# [Prompt]
The entries below hold a line with "Steve Young and" and a line with "ALÉ Cycling winter". Return those lines and all that lie between them, exactly and only.

····················

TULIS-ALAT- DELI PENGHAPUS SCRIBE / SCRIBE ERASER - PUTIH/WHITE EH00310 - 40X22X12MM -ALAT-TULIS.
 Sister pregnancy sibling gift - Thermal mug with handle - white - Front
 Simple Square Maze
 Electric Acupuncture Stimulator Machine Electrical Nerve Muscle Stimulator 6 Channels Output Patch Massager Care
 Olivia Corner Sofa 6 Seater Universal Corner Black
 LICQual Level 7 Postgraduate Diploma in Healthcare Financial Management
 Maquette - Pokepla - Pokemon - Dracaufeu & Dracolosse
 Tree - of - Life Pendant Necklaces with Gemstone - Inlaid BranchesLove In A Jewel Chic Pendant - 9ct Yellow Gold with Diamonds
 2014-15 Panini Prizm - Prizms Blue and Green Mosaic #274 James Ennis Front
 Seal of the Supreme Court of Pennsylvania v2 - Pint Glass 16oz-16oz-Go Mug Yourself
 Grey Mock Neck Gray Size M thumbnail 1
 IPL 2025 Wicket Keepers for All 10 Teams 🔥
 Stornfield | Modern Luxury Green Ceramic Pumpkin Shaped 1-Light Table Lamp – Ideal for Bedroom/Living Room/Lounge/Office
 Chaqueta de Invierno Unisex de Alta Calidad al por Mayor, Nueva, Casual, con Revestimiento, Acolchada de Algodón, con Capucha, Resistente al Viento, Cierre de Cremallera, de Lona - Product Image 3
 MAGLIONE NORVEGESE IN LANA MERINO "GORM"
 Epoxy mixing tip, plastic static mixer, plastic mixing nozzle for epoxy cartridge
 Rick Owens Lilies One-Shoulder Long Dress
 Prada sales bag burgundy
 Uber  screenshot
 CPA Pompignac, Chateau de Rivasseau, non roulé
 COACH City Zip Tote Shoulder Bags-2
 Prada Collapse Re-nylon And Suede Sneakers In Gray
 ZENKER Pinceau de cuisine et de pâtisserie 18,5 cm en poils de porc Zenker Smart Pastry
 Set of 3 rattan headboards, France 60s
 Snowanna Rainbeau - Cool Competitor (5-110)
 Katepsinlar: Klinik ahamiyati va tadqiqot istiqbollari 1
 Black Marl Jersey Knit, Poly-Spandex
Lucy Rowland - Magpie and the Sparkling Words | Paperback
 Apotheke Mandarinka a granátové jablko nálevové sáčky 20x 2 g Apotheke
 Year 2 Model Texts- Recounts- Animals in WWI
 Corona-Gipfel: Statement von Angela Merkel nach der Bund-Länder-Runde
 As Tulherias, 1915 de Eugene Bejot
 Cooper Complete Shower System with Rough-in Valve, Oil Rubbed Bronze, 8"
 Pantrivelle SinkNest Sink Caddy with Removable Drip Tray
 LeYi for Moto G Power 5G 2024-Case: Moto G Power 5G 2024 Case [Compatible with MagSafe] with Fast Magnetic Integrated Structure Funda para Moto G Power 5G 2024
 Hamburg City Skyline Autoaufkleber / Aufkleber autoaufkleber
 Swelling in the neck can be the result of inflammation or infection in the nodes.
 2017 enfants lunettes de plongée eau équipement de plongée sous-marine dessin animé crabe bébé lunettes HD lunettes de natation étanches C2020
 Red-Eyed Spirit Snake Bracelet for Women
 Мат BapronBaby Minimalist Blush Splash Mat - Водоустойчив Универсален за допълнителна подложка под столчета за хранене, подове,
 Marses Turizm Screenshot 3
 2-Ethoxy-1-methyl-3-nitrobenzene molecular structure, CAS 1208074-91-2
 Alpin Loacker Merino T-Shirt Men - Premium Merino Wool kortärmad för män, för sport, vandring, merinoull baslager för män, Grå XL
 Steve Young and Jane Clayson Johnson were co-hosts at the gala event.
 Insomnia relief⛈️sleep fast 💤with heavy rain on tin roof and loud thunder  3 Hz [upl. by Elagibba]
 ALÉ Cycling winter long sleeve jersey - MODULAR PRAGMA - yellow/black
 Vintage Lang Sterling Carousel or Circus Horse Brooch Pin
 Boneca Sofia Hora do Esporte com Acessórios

····················

# [Response to the exercise]
 Steve Young and Jane Clayson Johnson were co-hosts at the gala event.
 Insomnia relief⛈️sleep fast 💤with heavy rain on tin roof and loud thunder  3 Hz [upl. by Elagibba]
 ALÉ Cycling winter long sleeve jersey - MODULAR PRAGMA - yellow/black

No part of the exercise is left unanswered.